What you will do >>
Counting only lines that contain the word "Front", state the total for the listing below and nothing else.

Data for the task >>
● ● ● ● ●

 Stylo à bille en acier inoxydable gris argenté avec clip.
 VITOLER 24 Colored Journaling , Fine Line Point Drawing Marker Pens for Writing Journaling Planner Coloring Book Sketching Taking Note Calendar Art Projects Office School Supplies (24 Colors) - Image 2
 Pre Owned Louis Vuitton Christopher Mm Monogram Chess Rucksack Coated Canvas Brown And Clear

● ● ● ● ●

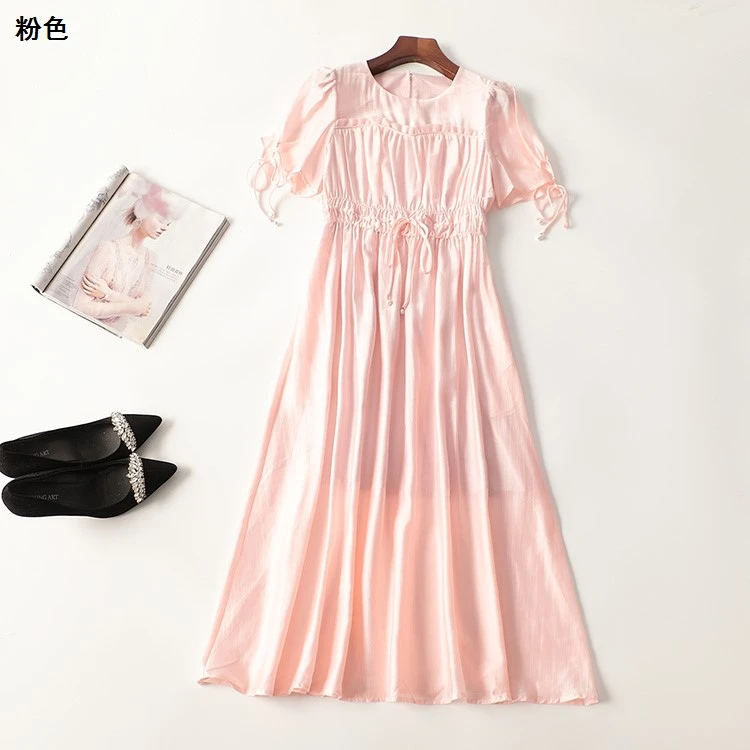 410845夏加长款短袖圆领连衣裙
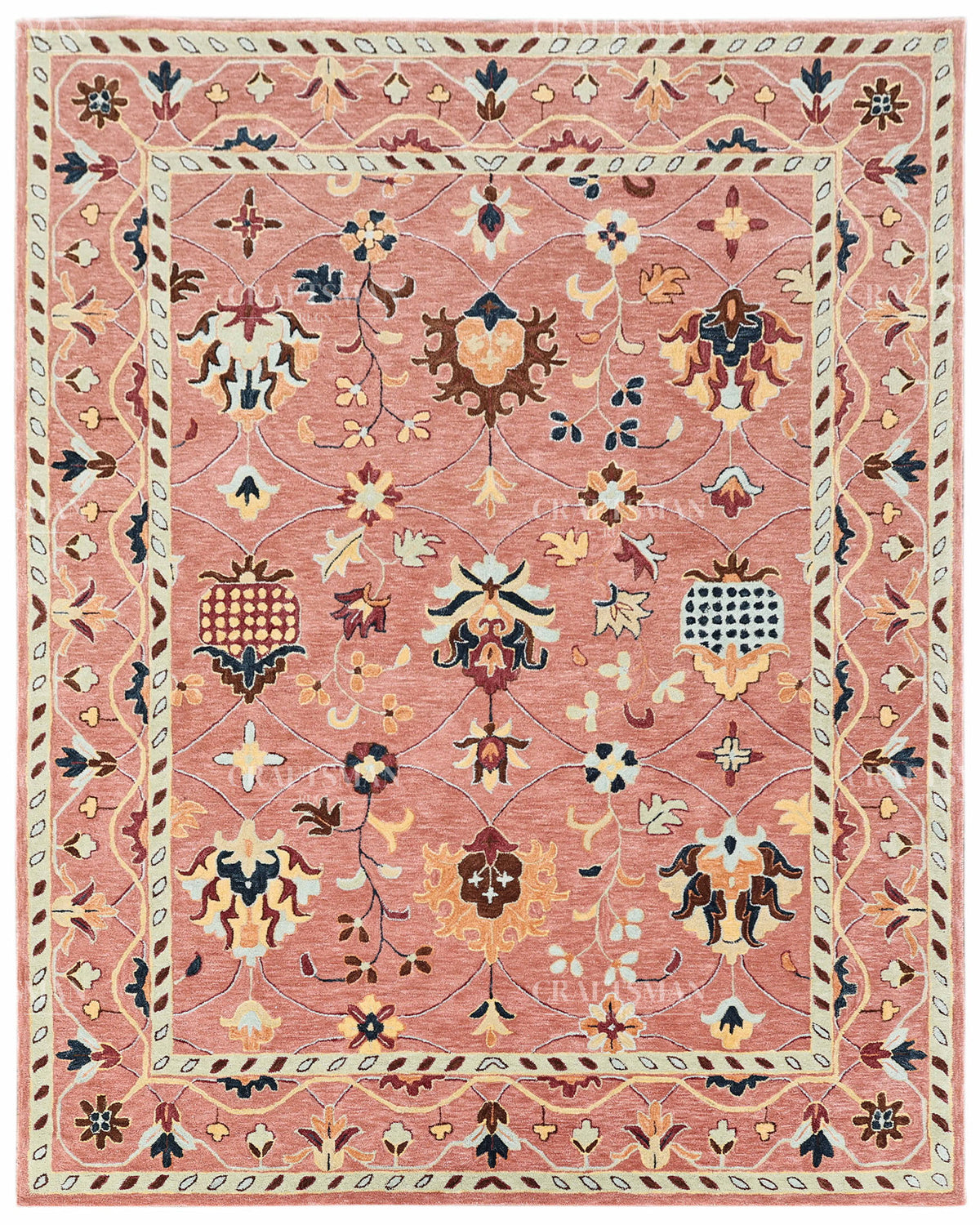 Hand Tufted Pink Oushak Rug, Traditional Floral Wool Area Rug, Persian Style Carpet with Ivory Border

● ● ● ● ●

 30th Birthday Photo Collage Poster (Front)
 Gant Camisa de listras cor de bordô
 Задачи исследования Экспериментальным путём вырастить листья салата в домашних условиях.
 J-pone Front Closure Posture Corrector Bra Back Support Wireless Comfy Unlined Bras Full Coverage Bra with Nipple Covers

● ● ● ● ●

Problem solution >>
2